En realidad, he de confesar, que se trata de mis digresiones. Por eso, advierto que para cualquier curioso lector, podrían ser poco interesantes, intrascendentes, banales y hasta aburridas. Entonces -me pregunto- ¿para qué las escribes? Aún no he hallado respuesta para esta pregunta.

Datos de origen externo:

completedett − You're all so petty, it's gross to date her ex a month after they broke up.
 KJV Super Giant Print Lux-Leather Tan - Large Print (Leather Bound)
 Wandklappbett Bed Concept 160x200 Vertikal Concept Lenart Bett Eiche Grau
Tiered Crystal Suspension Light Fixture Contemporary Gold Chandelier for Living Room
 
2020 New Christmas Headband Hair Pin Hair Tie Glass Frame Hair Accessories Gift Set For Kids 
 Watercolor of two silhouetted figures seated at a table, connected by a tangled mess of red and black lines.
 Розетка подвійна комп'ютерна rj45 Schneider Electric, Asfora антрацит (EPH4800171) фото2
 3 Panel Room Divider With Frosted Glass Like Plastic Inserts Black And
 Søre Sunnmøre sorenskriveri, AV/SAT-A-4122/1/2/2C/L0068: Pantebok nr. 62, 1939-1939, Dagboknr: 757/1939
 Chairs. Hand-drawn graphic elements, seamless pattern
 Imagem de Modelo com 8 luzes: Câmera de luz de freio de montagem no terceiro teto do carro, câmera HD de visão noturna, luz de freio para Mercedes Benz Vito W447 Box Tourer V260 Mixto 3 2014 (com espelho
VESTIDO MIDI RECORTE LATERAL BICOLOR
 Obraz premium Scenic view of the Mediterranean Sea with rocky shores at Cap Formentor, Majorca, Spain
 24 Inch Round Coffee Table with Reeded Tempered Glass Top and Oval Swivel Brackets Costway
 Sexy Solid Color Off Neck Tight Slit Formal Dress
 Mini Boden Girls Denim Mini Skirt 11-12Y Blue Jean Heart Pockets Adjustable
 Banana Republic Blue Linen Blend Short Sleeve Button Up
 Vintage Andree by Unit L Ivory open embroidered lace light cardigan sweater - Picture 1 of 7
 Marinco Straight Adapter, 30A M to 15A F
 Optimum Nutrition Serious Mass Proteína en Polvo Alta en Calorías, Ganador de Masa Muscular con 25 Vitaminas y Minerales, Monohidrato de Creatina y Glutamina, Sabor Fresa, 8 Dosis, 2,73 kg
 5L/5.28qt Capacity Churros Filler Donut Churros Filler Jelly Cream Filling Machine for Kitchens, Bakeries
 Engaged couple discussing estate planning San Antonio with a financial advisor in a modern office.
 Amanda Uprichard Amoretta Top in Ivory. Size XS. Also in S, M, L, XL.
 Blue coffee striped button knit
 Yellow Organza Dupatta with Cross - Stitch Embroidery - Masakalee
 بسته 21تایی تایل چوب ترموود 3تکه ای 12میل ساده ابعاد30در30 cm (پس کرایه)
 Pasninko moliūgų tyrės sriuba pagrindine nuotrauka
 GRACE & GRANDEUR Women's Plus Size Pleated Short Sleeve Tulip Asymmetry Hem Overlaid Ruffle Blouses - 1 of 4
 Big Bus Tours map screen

viernes, 20 de febrero de 2009
Ojeadores de la miseria humana se han echado al campo en busca de las últimas razones de cada regalo que se haya hecho a alguien con poder, y se convierte incluso el agradecimiento en soborno, de tal modo que Dios nos libre de aceptar aquellos pollos de aldea que bajaban los paisanos, en día de mercado porque los habías ayudado a rellenar una instancia o les habías ganado, y cobrado por cierto, el último pleito. Que si era cuantioso podía traducirse en una jamón y a mí una vez me regalaron una mesa primorosamente trabajado por ebanista de los que ahora no hay, “porque quisieron dejame sin nada y usté sacome de la miseria”. Tú eras considerado al cobrar y ellos generosos al añadirle al pago una prueba fehaciente de que habían quedado agradecidos. A cambio, cuando perdías, te espetaban, como aquella mujer a que desahuciaron de su vivienda, que eras un inútil y un perfecto ignorante. Y lo uno se compensa con lo otro, ahora, en la vejez, mezclándose en la confusa neblina que va cubriendo la mar, ya casi en calma, de la memoria. Ya no hay pollos de aldea, gran parte de los jamones entreverados de tocino, de la tierra, se pican con la zorza para rellenar los chorizos y que resulten más jugosos para la fabada cada vez mas descargada de prótidos y lípidos, a medida que nos hacemos más débiles, la pirámide demográfica engorda por su parte baja, de los setenta y ochentones, y las generaciones nuevas vienen amedrentadas de reconocimientos, prevenciones y revisiones anuales de la fragilidad humana. No todo es soborno. Hay un tejemaneje de relación social, alimentada por la sagacidad comercial de consignas como aquella de que debe practicarse la elegancia social del regalo, que muchos sienten la imperiosa necesidad de hacer con la misma compulsión con que en tantas ocasiones compramos lo que para nada necesitábamos y se convierte, al desempaquetarlo en casa, en dedo acusador de nuestra inconsciencia. Creo muy sinceramente que cada regalo de lo que miramos con tanta desconfianza merece por lo menos la presunción de inocencia y generosidad agradecida, por lo menos dentro de ciertos límites y en determinadas circunstancias que excluyan el soborno previo y ese ámbito de patio de Rincón y Cortado que humea evidentemente, más como vicio de sociedad que de grupo o de partido concreto. A min –decía aquel astuto paisanín-, num me dean. A min ponganme donde lo haiga.